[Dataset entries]

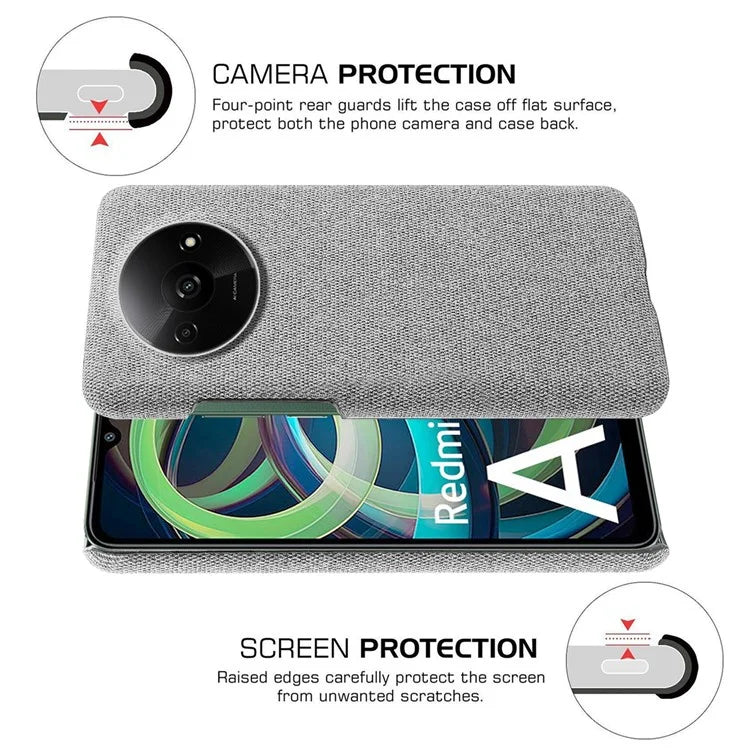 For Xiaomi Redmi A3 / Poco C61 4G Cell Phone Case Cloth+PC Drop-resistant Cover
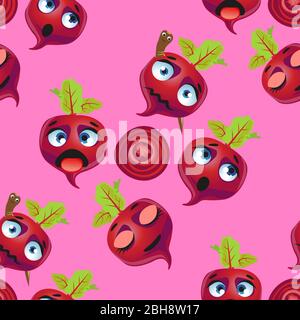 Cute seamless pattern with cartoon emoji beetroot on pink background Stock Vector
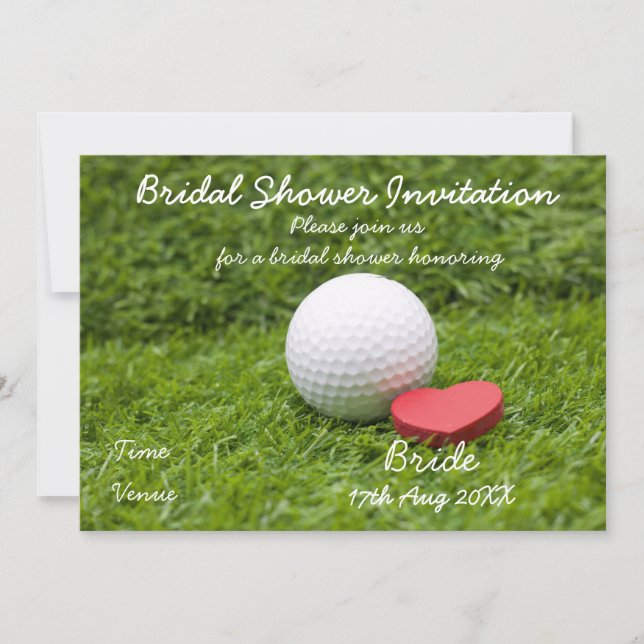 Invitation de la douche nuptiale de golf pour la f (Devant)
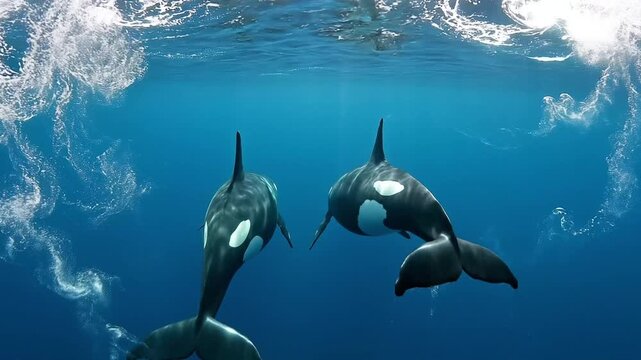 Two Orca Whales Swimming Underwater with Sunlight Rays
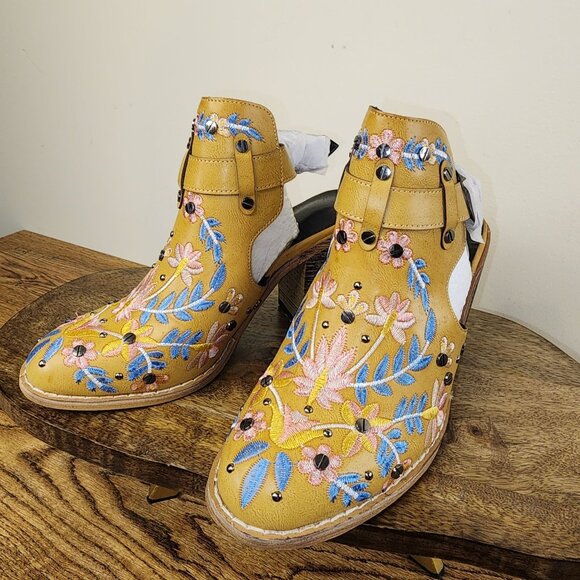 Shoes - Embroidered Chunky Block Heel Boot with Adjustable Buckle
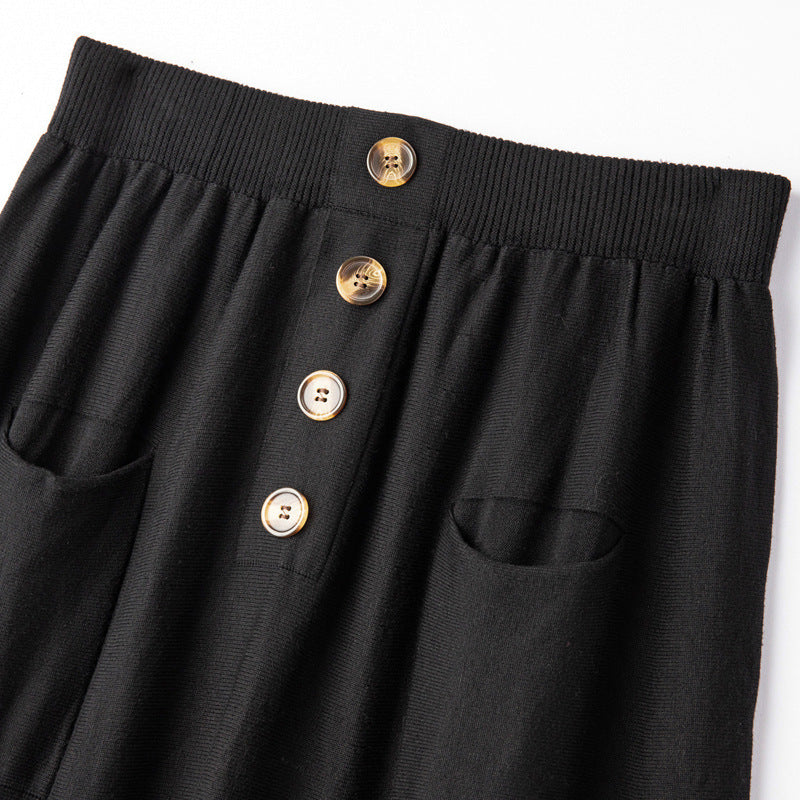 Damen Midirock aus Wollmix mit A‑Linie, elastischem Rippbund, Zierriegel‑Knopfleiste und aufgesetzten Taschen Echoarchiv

_Your assignment_
Copy the data above line for line, skipping every picture.

_Your response_
 For Xiaomi Redmi A3 / Poco C61 4G Cell Phone Case Cloth+PC Drop-resistant Cover
 Cute seamless pattern with cartoon emoji beetroot on pink background Stock Vector
 Invitation de la douche nuptiale de golf pour la f (Devant)
 Two Orca Whales Swimming Underwater with Sunlight Rays
 Shoes - Embroidered Chunky Block Heel Boot with Adjustable Buckle
 Damen Midirock aus Wollmix mit A‑Linie, elastischem Rippbund, Zierriegel‑Knopfleiste und aufgesetzten Taschen Echoarchiv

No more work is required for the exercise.